Hiiker App Review

Screen shot: Map of the coast with a blue line for the trail and an elevation profile
Hiiker’s main screen for the OCT, showing the route and elevation profile.

The Oregon Coast trail is now available in an app, with the full trail route available for offline navigation!

I’ve used the popular Guthook app on the Pacific Crest Trail. It combines trail maps with hiker information like water sources and camping sites. It’s used by most PCT hikers, who add to it by posting notes as they go with the latest trail conditions. But Guthook does not include the Oregon Coast Trail in its map collection and has no plans to add it.

In the meantime, a competitor has cropped up: an app called Hiiker. It doesn’t have the extensive user base of Guthook, so not much in the way of trail notes so far. But it does have the Oregon Coast Trail. I dove in and took a look.

What is in the free version?

  • Online access only
  • An end-to-end trail map. The route it takes is pretty much the official route from the Oregon Parks Department. At 401 miles, it’s a long route. That’s because it assumes the only charter is the “sure thing” crossing of the Nehalem River.
  • Waypoints for accommodation and amenities
  • One map layer (a basic topo map)
  • Elevation profiles for the trail showing where I am on the elevation (How much farther is it to the top of this headland I’m climbing?)
  • I can adjust my walking pace, and the app adjusts the hiking times for trail segments accordingly. The default is one hour for every 3 miles forward, plus an additional hour for every 2,000 feet of ascent (Naismith’s rule).

What do I get if I pay for the premium version? ($29/year, though I can get just the OCT for $9.99 with slightly reduced features).
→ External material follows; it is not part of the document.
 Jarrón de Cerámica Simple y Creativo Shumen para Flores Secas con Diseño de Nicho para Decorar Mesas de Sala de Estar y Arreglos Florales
The main thing is offline functionality, but here is the full feature list:

  • I can view the trail in stages, with each day ending at a town for camping or lodging. The default stages are for a 32-day hike. I can also set up custom stages to match my planned itinerary and view their mileage, elevation profile, and estimated hiking time.
Screen shot showing custom hike stages
My custom itinerary: created by entering my motels as custom markers
  • Spur routes and alternate routes.
  • Measurement tool: If I click on two points it gives me the mileage, elevation gain, and estimated hiking time for the route (adjusted for my hiking pace). I can see using this to estimate when I will get to a headland or inlet for comparing against the tide tables.
  • Printable maps: One page for each stage of my itinerary.
  • Points of interest along the trail: Many lack descriptions, but at least there’s an indicator for something nearby. For example, there’s a marker for the side-trail that leads to the Tillamook Rock Lighthouse viewpoint.
  • More map layers, including a satellite layer that’s pretty useful on the OCT.
  • Two of the map layers can be downloaded for offline use: the waymarked trail and an OSM Outdoors layer (open-source street maps with elevation contours). The images below show the trail layer (l) and the OSM layer (r). The OSM layer adds several smaller roads and trails.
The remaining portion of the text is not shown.